**Records excerpted from a collection**
-------
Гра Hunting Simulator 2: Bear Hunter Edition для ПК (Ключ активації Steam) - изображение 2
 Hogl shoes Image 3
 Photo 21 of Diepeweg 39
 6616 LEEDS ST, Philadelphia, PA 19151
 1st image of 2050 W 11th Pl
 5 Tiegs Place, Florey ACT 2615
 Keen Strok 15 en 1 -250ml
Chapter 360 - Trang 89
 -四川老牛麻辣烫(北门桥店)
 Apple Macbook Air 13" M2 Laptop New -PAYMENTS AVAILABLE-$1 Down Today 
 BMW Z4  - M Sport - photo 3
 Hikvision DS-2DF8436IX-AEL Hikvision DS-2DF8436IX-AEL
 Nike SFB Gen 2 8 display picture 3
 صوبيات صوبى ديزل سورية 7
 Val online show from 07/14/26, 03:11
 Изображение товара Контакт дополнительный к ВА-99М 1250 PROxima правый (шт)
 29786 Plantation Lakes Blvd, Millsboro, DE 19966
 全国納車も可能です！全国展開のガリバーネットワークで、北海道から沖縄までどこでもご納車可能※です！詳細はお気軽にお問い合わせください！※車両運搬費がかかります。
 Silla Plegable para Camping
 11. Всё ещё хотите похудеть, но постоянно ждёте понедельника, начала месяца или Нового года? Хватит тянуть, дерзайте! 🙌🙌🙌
-------
**WHAT THE TASK REQUIRES**
What you give back should be only the lines of the records above, starting at the line with "5 Tiegs Place, Florey ACT 2615" and ending at the line with "Nike SFB Gen 2 8 display picture 3", restated word for word.

**EXERCISE RESPONSE**
 5 Tiegs Place, Florey ACT 2615
 Keen Strok 15 en 1 -250ml
Chapter 360 - Trang 89
 -四川老牛麻辣烫(北门桥店)
 Apple Macbook Air 13" M2 Laptop New -PAYMENTS AVAILABLE-$1 Down Today 
 BMW Z4  - M Sport - photo 3
 Hikvision DS-2DF8436IX-AEL Hikvision DS-2DF8436IX-AEL
 Nike SFB Gen 2 8 display picture 3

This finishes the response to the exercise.